Exercise instructions: Every line from the opening of the records to the line with "Ferienwohnung Christine Mit" should be restated exactly, with both ends included and the pictures left out.

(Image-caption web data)
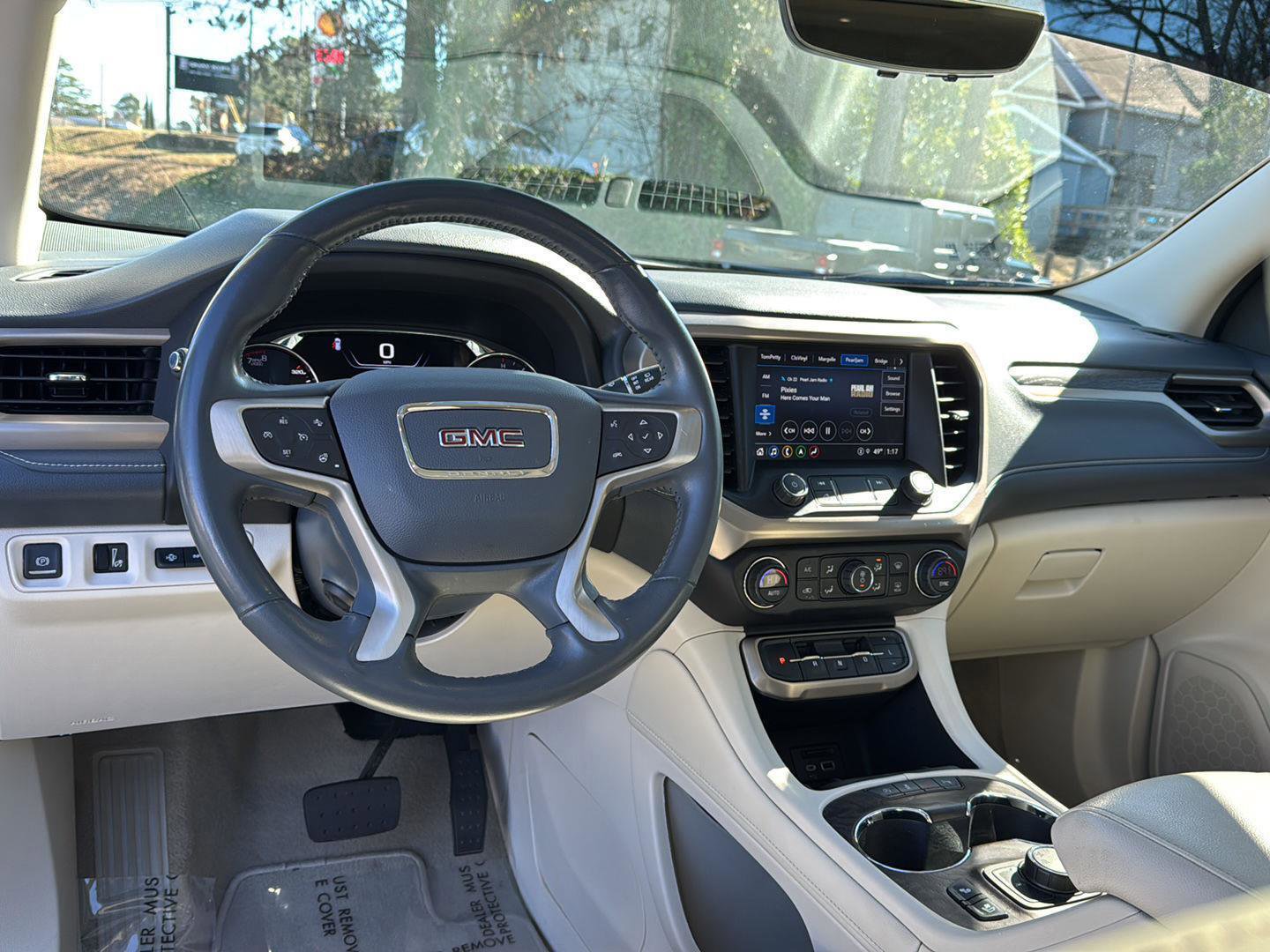 Certified 2022 GMC Acadia Denali w/ Denali Ultimate Package image 16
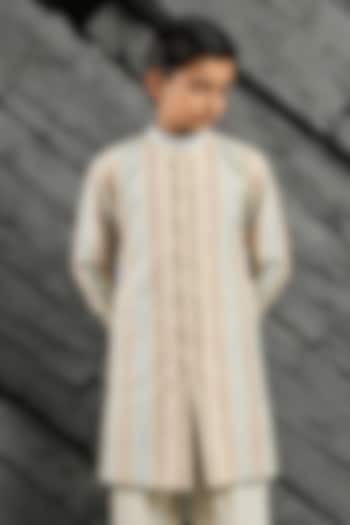 Off-White Chanderi Silk Motif Embroidered Kurta Set For Boys by Sarab Khanijou Kids at Pernia's Pop Up Shop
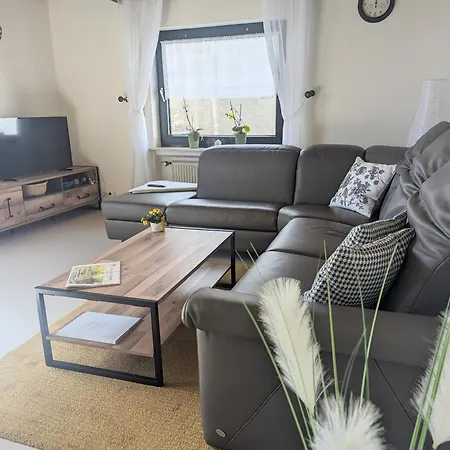 Ferienwohnung Christine Mit Sauna Und Whirlpool Utzerath Exterior photo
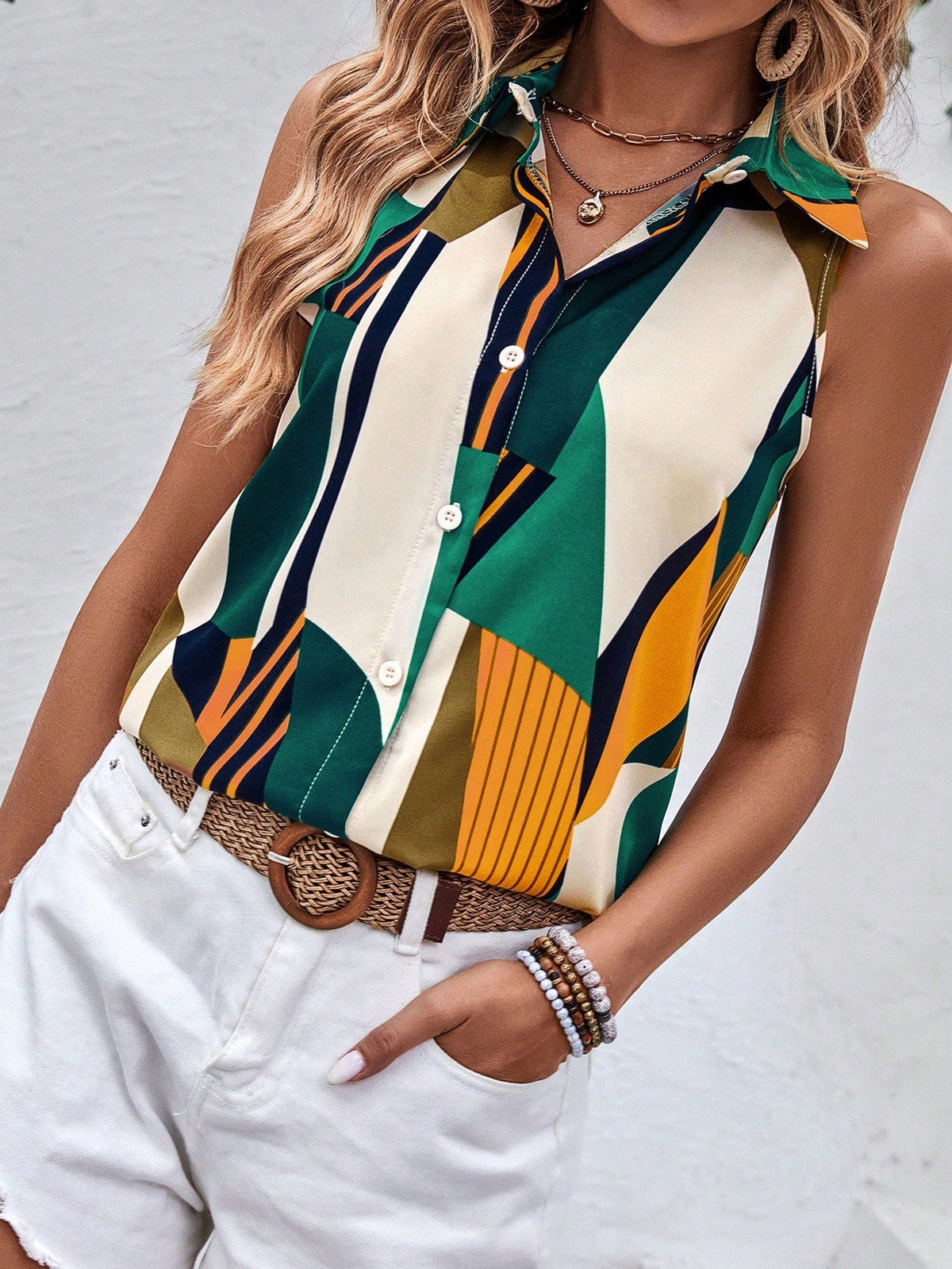 Camicia con stampa geo con bottone frontale senza maniche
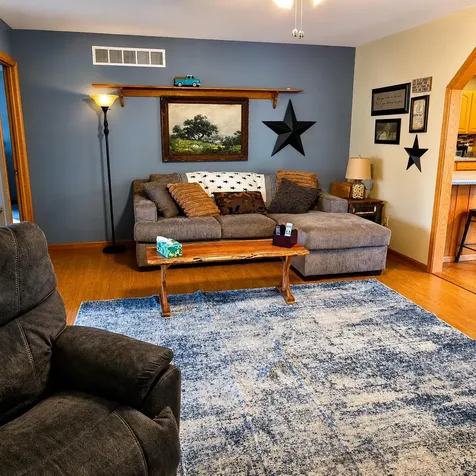 2808 Chestnut Columbus City IA 52737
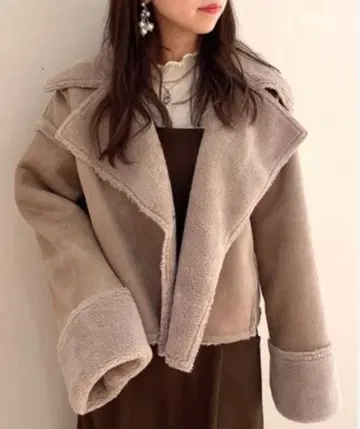 w closet 에코 스웨이드 무스탕 숏 자켓 보아 코트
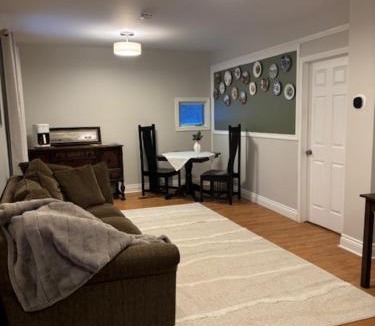 North Grenville Bed & Breakfast | Linden Leaf Gasthaus INN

Solution:
 Certified 2022 GMC Acadia Denali w/ Denali Ultimate Package image 16
 Off-White Chanderi Silk Motif Embroidered Kurta Set For Boys by Sarab Khanijou Kids at Pernia's Pop Up Shop
 Ferienwohnung Christine Mit Sauna Und Whirlpool Utzerath Exterior photo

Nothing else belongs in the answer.